-- Data follows --

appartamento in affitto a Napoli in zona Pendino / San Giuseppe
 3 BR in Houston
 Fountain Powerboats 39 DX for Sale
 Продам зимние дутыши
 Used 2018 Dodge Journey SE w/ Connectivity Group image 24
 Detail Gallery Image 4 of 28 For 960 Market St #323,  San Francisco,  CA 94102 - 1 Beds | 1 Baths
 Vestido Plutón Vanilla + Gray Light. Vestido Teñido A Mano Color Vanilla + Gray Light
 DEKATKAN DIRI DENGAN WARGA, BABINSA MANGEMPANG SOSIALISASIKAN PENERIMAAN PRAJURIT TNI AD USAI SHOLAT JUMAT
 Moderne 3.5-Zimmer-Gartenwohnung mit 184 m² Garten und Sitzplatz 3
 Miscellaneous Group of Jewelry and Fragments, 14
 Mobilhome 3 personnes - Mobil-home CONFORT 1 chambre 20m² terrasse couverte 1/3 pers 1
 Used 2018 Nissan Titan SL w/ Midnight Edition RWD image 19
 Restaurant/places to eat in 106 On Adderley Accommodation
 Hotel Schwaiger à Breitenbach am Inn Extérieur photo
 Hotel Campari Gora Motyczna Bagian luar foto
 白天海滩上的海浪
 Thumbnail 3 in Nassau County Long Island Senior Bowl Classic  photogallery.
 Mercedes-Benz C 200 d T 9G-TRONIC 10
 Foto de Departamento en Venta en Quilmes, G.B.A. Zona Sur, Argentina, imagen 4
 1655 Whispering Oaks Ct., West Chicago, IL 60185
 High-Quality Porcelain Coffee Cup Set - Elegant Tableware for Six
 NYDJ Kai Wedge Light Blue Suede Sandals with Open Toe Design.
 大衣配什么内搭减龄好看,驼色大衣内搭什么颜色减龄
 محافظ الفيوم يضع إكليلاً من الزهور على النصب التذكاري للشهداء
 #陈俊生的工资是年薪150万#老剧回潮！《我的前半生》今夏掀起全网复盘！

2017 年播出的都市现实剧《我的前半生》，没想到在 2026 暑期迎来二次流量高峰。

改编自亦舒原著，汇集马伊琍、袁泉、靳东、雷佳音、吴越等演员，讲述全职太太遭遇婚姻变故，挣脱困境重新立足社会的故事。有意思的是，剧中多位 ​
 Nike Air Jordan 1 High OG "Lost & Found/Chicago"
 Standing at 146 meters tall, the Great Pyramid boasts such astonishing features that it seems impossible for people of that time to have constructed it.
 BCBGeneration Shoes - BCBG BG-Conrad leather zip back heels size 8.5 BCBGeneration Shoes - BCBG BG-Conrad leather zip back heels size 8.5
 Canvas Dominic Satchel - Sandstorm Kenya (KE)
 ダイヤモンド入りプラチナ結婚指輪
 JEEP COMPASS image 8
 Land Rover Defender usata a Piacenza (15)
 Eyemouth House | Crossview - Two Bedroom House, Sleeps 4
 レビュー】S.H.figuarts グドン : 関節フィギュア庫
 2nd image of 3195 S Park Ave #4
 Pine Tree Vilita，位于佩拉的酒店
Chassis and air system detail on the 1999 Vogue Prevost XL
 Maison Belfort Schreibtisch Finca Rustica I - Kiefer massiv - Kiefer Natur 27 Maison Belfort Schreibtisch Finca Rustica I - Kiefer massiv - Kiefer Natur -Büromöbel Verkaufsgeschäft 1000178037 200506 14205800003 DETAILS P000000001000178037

-- Data concluded --

Using the entries above, give back exactly the line containing "Pine Tree Vilita，位于佩拉的酒店", the line containing "Chassis and air", and every line between them, and nothing else.

== Solution for this task ==
 Pine Tree Vilita，位于佩拉的酒店
Chassis and air system detail on the 1999 Vogue Prevost XL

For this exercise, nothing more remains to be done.